Stable structures of neutral (V2O5)n clusters (n = 1−5, 8, 10, and 12) are determined by density functional calculations (BP86 functional with a double-ζ (V)/triple-ζ (O) valence basis set augmented by polarization functions). Comparison is made with calculations for the periodic structure of solid V2O5. The most stable structure of the smallest cluster is doubly O-bridged, OV−O2−VO2, and by 184 kJ/mol VO2.5 less stable than the periodic bulk structure. From the tetrahedral V4O10 structure on (41 kJ/mol VO2.5 above the crystal energy) polyhedral cage structures are the most stable isomers: trigonal prism (V6O12), cube (V8O20), pentagonal prism (V10O25), 16-hedron (V16O40), dodecahedron (V20O50), and truncated octahedron (V24O60). The polyhedra have vanadyl groups at the apexes and bridging oxygen atoms on the edges. Differently from the crystal structure, vanadium is 4-fold coordinated and 3-fold coordinated oxygen is avoided. The energies relative to the periodic solid are 22.1, 12.4, 9.4, 5.5, 3.3, and 3.4 kJ/mol VO2.5, respectively.

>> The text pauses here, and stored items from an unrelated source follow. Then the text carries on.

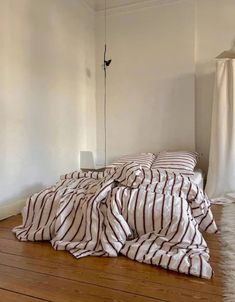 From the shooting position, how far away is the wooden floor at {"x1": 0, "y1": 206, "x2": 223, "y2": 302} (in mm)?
1574

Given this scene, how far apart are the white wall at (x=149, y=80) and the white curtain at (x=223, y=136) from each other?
1.88 feet

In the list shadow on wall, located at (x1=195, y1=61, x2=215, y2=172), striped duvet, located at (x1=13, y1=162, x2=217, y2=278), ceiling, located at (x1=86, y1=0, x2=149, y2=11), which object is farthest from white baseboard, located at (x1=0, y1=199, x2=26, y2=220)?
ceiling, located at (x1=86, y1=0, x2=149, y2=11)

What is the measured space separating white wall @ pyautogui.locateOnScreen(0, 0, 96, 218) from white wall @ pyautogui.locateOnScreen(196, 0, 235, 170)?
1.72m

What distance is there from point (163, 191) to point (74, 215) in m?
0.74

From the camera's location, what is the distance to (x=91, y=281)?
173cm

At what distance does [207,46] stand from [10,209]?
347cm

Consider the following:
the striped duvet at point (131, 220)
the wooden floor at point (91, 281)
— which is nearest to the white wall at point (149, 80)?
the striped duvet at point (131, 220)

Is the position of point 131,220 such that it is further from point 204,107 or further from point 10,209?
point 204,107

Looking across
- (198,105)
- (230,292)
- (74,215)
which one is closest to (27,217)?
(74,215)

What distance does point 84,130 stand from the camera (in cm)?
455

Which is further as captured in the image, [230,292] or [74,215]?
[74,215]

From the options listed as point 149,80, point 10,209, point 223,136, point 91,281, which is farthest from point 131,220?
point 149,80

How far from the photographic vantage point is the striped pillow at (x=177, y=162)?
11.7ft

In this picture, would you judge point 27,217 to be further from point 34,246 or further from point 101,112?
point 101,112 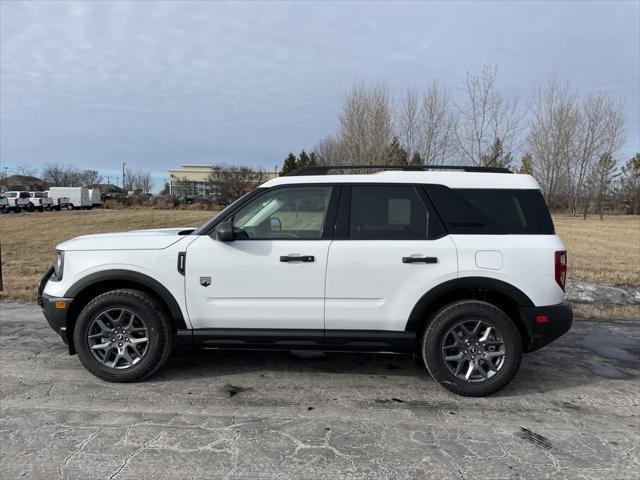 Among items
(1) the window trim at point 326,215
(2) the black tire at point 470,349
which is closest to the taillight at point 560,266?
(2) the black tire at point 470,349

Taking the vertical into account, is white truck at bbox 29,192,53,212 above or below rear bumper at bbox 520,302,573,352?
above

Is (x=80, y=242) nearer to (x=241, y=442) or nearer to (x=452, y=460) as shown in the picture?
(x=241, y=442)

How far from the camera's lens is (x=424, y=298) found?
395cm

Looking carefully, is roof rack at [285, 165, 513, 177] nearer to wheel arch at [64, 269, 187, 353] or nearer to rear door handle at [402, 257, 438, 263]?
rear door handle at [402, 257, 438, 263]

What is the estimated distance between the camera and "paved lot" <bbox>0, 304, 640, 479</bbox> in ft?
9.64

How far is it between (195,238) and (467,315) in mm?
2418

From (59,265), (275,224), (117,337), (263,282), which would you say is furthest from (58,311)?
(275,224)

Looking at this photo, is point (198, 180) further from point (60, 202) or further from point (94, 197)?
point (60, 202)

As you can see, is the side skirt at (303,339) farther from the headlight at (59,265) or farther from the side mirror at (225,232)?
the headlight at (59,265)

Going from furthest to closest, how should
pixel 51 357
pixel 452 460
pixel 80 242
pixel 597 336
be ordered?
1. pixel 597 336
2. pixel 51 357
3. pixel 80 242
4. pixel 452 460

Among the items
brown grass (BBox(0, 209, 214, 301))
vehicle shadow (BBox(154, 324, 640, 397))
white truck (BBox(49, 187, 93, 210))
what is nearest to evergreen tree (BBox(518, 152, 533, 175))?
brown grass (BBox(0, 209, 214, 301))

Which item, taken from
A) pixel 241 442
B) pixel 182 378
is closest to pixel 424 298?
pixel 241 442

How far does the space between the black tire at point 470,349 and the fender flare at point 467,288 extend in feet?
0.46

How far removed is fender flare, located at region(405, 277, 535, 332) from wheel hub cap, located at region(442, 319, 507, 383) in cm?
29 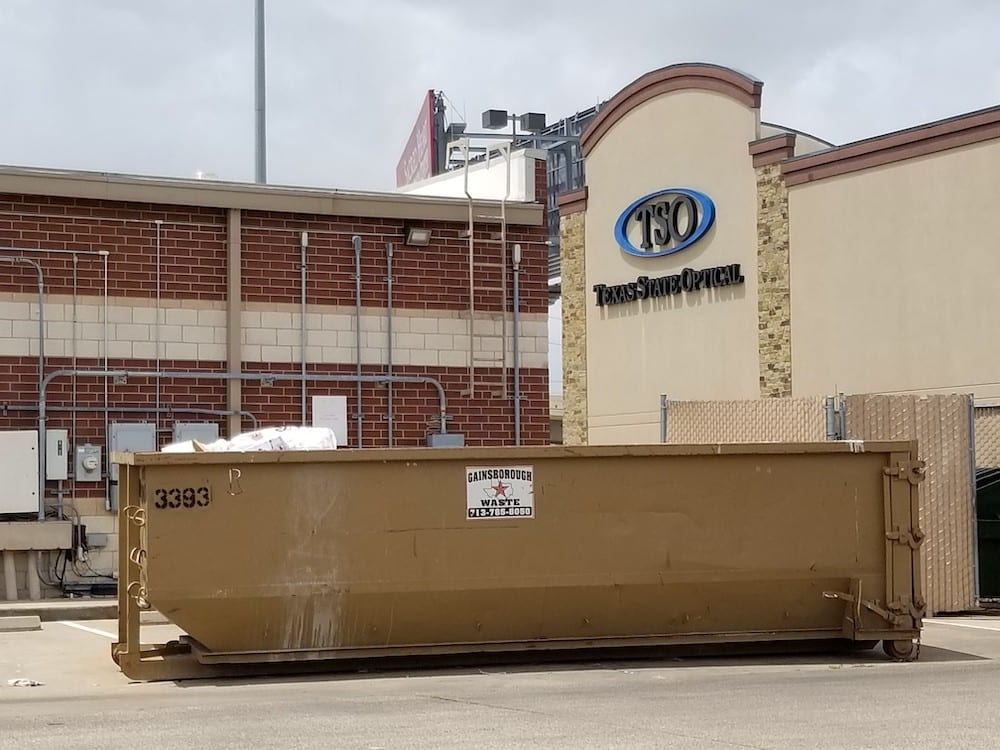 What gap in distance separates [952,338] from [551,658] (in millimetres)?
15329

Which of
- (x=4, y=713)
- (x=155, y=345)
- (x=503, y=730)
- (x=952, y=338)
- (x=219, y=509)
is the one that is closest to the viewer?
(x=503, y=730)

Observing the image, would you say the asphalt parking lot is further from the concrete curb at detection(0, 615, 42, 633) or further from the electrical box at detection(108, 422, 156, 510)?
the electrical box at detection(108, 422, 156, 510)

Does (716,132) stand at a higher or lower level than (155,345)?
higher

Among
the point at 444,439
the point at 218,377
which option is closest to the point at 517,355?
the point at 444,439

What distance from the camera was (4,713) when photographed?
30.1 ft

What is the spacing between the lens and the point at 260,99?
26984 millimetres

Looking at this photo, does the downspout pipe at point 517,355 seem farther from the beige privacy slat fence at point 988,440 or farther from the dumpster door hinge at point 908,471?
the dumpster door hinge at point 908,471

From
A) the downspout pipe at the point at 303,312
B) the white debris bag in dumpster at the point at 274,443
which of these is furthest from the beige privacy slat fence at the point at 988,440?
the white debris bag in dumpster at the point at 274,443

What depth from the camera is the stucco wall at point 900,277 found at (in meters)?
24.6

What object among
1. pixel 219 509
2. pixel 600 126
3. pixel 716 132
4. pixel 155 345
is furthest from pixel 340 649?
pixel 600 126

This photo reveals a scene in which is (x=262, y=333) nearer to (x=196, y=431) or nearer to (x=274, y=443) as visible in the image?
(x=196, y=431)

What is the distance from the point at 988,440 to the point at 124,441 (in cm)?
1067

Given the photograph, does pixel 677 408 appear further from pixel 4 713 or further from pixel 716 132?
pixel 716 132

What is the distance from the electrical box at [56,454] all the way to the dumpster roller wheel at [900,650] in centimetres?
911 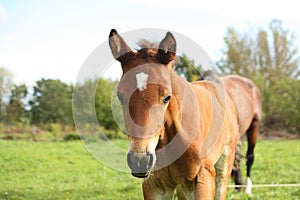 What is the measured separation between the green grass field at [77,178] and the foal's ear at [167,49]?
13.7 ft

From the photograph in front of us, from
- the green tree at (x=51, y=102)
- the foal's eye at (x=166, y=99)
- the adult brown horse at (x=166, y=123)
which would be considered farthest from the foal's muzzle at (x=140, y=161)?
the green tree at (x=51, y=102)

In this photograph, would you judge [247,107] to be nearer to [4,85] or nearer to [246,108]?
[246,108]

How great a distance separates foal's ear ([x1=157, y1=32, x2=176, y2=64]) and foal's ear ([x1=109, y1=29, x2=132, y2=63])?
0.26 m

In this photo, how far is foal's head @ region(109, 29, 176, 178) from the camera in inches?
111

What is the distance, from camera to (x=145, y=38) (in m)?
3.54

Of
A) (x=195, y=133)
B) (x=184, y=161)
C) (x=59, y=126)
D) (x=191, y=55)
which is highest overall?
(x=191, y=55)

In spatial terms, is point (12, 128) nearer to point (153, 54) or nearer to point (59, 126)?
point (59, 126)

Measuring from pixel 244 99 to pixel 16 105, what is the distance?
20.8 m

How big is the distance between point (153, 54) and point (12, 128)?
21.9m

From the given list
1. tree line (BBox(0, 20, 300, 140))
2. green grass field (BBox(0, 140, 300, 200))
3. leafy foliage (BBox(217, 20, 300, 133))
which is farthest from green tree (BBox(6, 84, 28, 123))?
leafy foliage (BBox(217, 20, 300, 133))

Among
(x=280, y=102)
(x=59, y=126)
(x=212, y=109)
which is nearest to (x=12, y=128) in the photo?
(x=59, y=126)

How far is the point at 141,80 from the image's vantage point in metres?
2.94

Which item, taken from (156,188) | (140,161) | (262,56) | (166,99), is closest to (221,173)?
(156,188)

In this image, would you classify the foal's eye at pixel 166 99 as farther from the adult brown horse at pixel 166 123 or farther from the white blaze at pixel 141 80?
the white blaze at pixel 141 80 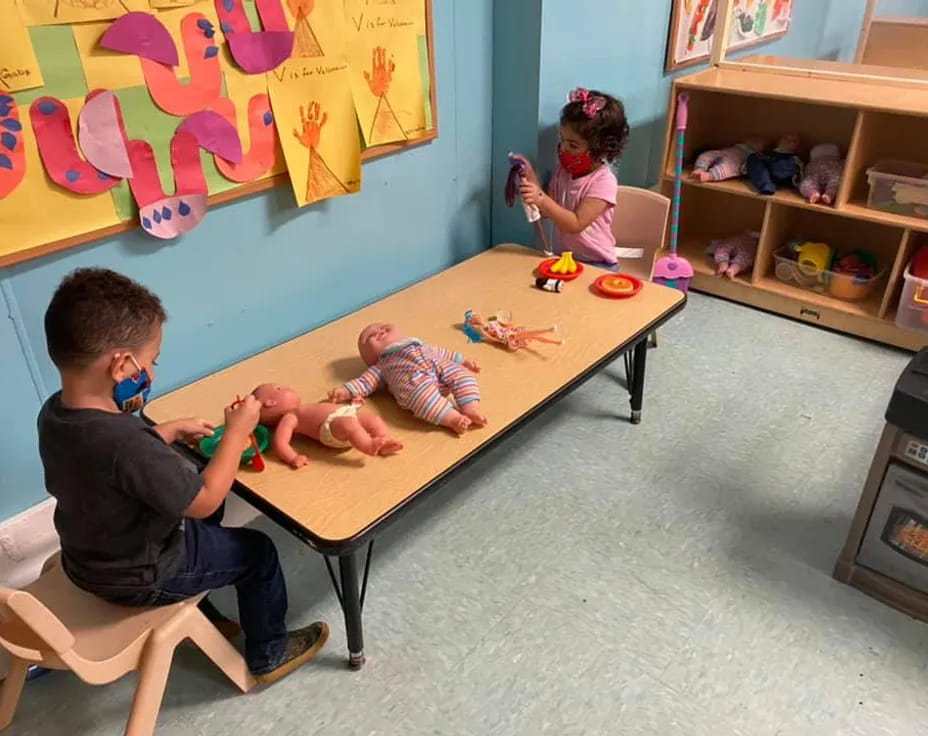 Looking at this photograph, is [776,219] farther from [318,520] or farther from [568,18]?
[318,520]

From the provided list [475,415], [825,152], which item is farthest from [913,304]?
[475,415]

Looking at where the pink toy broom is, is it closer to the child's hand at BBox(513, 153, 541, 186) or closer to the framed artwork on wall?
the framed artwork on wall

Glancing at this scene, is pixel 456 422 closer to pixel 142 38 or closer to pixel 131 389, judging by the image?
pixel 131 389

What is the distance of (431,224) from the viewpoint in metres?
2.20

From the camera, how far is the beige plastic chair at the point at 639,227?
7.77 feet

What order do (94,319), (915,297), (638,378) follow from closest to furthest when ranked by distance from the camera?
(94,319) → (638,378) → (915,297)

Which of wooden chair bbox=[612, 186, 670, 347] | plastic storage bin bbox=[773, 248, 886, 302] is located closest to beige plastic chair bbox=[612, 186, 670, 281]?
wooden chair bbox=[612, 186, 670, 347]

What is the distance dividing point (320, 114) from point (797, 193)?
174cm

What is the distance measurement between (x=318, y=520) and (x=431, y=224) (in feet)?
3.77

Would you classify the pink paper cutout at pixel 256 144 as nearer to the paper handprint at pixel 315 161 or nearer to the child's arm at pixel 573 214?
the paper handprint at pixel 315 161

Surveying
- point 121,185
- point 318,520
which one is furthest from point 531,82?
point 318,520

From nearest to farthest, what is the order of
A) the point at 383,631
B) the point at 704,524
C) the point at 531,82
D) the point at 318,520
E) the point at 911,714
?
the point at 318,520, the point at 911,714, the point at 383,631, the point at 704,524, the point at 531,82

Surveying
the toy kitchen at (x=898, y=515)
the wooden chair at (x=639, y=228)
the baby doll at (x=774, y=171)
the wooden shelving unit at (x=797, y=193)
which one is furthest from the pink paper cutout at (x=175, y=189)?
the baby doll at (x=774, y=171)

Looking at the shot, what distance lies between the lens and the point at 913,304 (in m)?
2.44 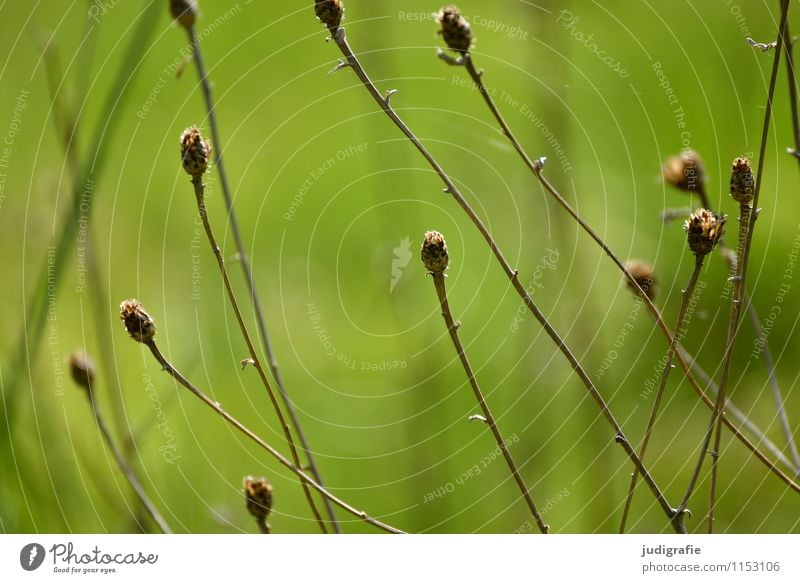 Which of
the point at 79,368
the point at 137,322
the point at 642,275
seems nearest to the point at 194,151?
the point at 137,322

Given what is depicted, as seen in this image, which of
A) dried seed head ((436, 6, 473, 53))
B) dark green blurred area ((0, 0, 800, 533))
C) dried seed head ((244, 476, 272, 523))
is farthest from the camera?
dark green blurred area ((0, 0, 800, 533))

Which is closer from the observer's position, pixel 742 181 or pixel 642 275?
pixel 742 181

Structures that correspond to fragments cut out of the crystal structure (examined up to n = 8) are significantly less stable. The IR spectra of cage-type structures will show bands in the 1040−1080 cm-1 and in the 800−925 cm-1 regions (terminal VO(1) and bridging V−O(2)−V, respectively), but not between 650 and 750 cm-1 or around 500 cm-1 (V−O2(2)−V double bridges and triply coordinated oxygen, respectively).